За дверью прошаркали домашние тапочки. «Это мама. Это шаги мамы. Я же чувствовал, что она не спит!» — и срывающимся от волнения, хриплым голосом он закричал:
— Мама!
— Сыночек! Генушка!
Дверь распахнулась, и щемящий звук ее голоса, и знакомый запах квартиры, который ни с чем не спутать, запах из детства, врезавшийся в память, так подействовал на растерянного Манько, что на какое–то мгновение, оцепенев, он застыл перед матерью, словно не веря в волшебный сон. А мать смотрела на сына широко раскрытыми глазами, не в силах вымолвить ни слова, и на краткий миг, не совладав с собой, чувствуя, как предательски щиплет глаза, Манько дал волю скатиться по щекам двум слезинкам.
Генушка. Высокий. Похудел. Все те же кудрявые волосы, только на висках седина чуть съела юношеский блеск. Нос, длинный, чуть курносый, заострился, стал тоньше. Веснушки заметны; голубые глаза, они прежние — добрые, веселые; страшный синевой тонкий шрам от ямки на правой щеке к уху; родинка на шее, легко взятая нежным пушком; красные от мороза, слегка оттопыренные и потому несуразные уши.

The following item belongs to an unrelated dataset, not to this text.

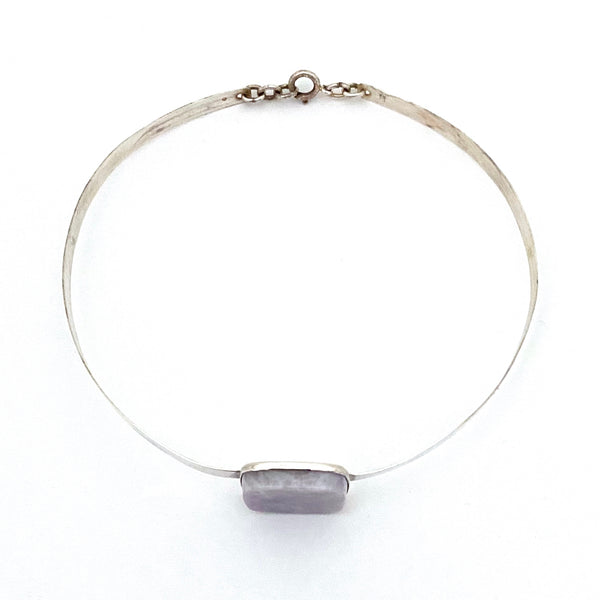 Claude Momiron France silver & pale amethyst choker ~ 1970s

Манько выпустил из рук чемодан, бросился к матери, прижал крепко к груди, продолжительно поцеловал, и по щеке Геннадия снова потекли слезы — мамины слезы.

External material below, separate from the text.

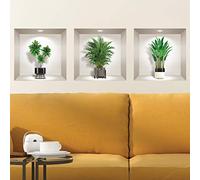 Ambiance Sticker 3 piezas de 30 x 30 cm, efecto vinilo adhesivo para pared, para dormitorio, cocina, oficina, plantas verdes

— Генушка! Наконец–то… А я все уснуть не могу… Генушка! Наконец–то…
— Мама, ну что ты плачешь? Все ведь в порядке. Я… Перестань, мама…
— Я от счастья, сыночек. От счастья… Ну что же мы здесь? А? Проходи, раздевайся. Отец!

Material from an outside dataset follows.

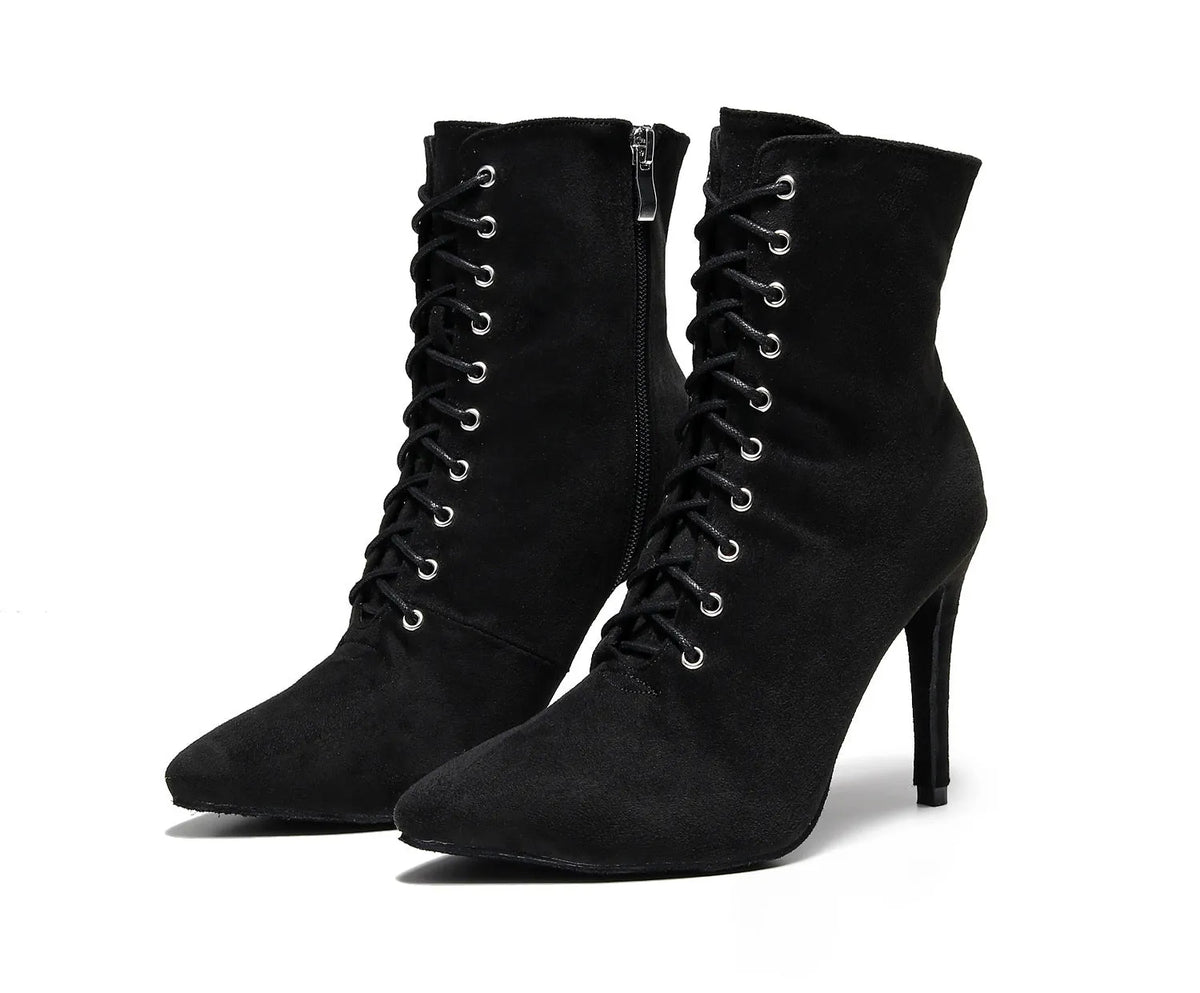 Pair of women's lace-up dance heels with mesh upper and leather sole, shown in black and skin colour, sizes 34-43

Одной рукой обнимая маму — она еще не выпускает сына из своих объятий — другой Манько до боли пожал шершавую без указательного пальца ладонь отца. «Братишка. Он проснулся, он тоже здесь, бесенок, подобрался сбоку».
— Ну что мы здесь? Проходи, проходи, сыночек, — мама говорит не переставая. — Дверь закрывайте. Давайте в комнату. Сережка!
Скатерть на стол. Давай быстрее! Ты голодный, сыночек? Чего спрашиваю? Конечно, голодный. Нет, сначала в ванну. С дороги, устал. Или спать хочешь? Генушка…
— Мама, мама, — Манько улыбается, тело дрожит, — сначала душ, мама, а потом мы будем говорить долго–долго, пока не уснем. Наговоримся за все эти месяцы.
В своей комнате Манько по–солдатски быстро разделся и, вспомнив, что на теле остались следы ранений, испуганно накинул на голое тело халат, в голове мелькнуло: «Лучше, чтобы мама не видела пока, чтобы ничто не омрачало радость встречи».
Манько скрылся в ванной, задвинув щеколду, включил воду, и тотчас облегченно вздохнул, скинул халат — на обнаженной спине отчетливо выделялись страшные, как и шрам, своей синевой скрученные бугорки кожи. Пять бугорков, где засели тогда пять осколков. «Но это ерунда, — подумал Манько и повернулся спиной к зеркалу, — а вот здесь. — Он приложил ладонь к шее и медленно повел к затылку: — Здесь незаметно, но в этом–то вся беда. Этот осколок не вытащили. Значит…»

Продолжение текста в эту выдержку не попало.